All lines from the one containing "Vintage Vintage Brown" through the last line below must be duplicated exactly, with nothing outside that span.

(Recorded data)
- Opening Delimiter -

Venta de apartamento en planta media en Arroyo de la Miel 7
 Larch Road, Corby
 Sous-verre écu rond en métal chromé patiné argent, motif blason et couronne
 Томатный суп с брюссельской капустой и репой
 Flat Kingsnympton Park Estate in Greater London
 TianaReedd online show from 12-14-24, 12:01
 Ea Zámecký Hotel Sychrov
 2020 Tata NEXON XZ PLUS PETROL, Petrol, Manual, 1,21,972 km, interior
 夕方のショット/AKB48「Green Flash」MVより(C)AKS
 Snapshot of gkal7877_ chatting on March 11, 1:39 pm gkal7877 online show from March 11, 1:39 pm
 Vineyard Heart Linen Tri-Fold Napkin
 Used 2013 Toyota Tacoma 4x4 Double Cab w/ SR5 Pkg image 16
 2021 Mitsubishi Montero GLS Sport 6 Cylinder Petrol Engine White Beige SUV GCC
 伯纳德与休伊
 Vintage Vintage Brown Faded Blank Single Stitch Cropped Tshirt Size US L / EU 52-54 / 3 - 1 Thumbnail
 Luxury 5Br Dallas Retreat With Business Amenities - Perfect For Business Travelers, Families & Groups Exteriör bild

- Closing Delimiter -

Task response:
 Vintage Vintage Brown Faded Blank Single Stitch Cropped Tshirt Size US L / EU 52-54 / 3 - 1 Thumbnail
 Luxury 5Br Dallas Retreat With Business Amenities - Perfect For Business Travelers, Families & Groups Exteriör bild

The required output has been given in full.